How much worse is using a general-purpose allocator for the entire kernel?

[nexos]

It would be preferable to use a slab allocator most of the time. It's not bad to use a general purpose malloc everywhere, it's just that an efficient malloc is fairly tricky to implement, whereas a slab allocator naturally has a certain level of efficiency.

If you want to go the simple route and use a standard malloc, I would recommend liballoc. Liballoc is fairly efficient, and works well in my experience.

[mrjbom]

It would be preferable to use a slab allocator most of the time. It's not bad to use a general purpose malloc everywhere, it's just that an efficient malloc is fairly tricky to implement, whereas a slab allocator naturally has a certain level of efficiency.

If you want to go the simple route and use a standard malloc, I would recommend liballoc. Liballoc is fairly efficient, and works well in my experience.

Well, thanks for the reply and the links!

[thewrongchristian]

It depends on your use case. If you need reliability, bztalloc is actually good as it keeps allocator and user data separate. The main problem with it is that is not very scalable IMO.

Be careful about making such opinions. Scalability can be deceptive. A linear search of a dense array can be faster than a similarly sized binary search tree, once cache effects are taken into account.

You need to make measurements before you can make a qualified opinion on scalability, else it's just a guess.

Which begs the question, what sort of metric do people look at for allocator scalability?
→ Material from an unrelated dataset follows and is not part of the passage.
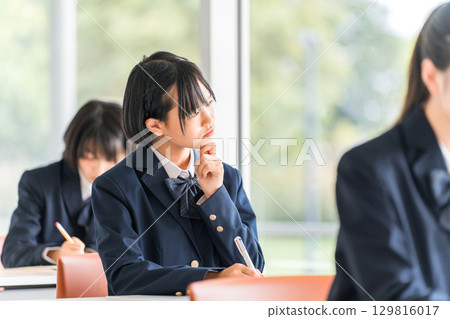 穿著制服的小學生、國中生、高中生、女高中生在學校教室裡認真聽課(疑問、困難、思考、難題) 穿著制服的小學生、國中生、高中生、女高中生在學校教室裡認真聽課(疑問、困難、思考、難題) 129816017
And for the typical hobby OS, and especially given the plug-and-play nature of the malloc/free interface, does it even matter?
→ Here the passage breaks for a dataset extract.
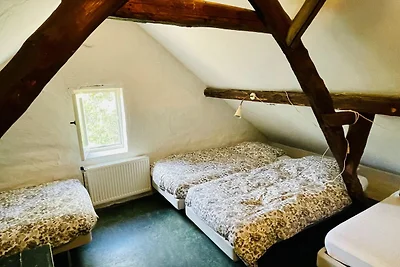 Bauernhaus in der Nähe des Waldes in...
You're better off using something you understand and works. As soon as you outgrow whatever malloc implementation you use, chances are you'll be in a good position to choose something better, and know why it's better.

[nexos]

Be careful about making such opinions. Scalability can be deceptive. A linear search of a dense array can be faster than a similarly sized binary search tree, once cache effects are taken into account.

Yeah, that can be true. I mainly said that because freeing in bztalloc is O(n), whereas on most common allocators I know of, they have a faster approach for freeing (like storing the block header right beneath the free'd address).

[mrjbom]

It depends on your use case. If you need reliability, bztalloc is actually good as it keeps allocator and user data separate. The main problem with it is that is not very scalable IMO.

You're better off using something you understand and works.

I try to follow this rule, favoring understanding over performance.
At the same time, I wouldn't want to lose too much performance.
So, I would probably prefer to use malloc for all things in the kernel since it's easier, however I don't know how much worse it is compared to general purpose malloc.

[nullplan]

I try to follow this rule, favoring understanding over performance.
At the same time, I wouldn't want to lose too much performance.

Write the simple algorithm you understand. Then see if the performance is OK. If not, then measure where the slowdowns are. If experience has taught me anything here, it is that developers are incapable of gauging performance bottlenecks. They are never where you think they are. So measure twice, that way at least you have some way to know.

So, I would probably prefer to use malloc for all things in the kernel since it's easier, however I don't know how much worse it is compared to general purpose malloc.

The kernel has special needs compared to an application. Quite a few allocations require specific regions of physical memory. And the kernel often operates on objects that are quite costly to construct and destroy, and much cheaper to be left lying around and reused later. But only until memory gets scarce, of course. So while a normal malloc implementation is likely fine, you will need to build things on top of it, or maybe build some memory management directly on top of the physical and virtual allocators.

Speaking of malloc, all of the implementations I know depend on something to get more memory, so you will have to implement some way to do that as well.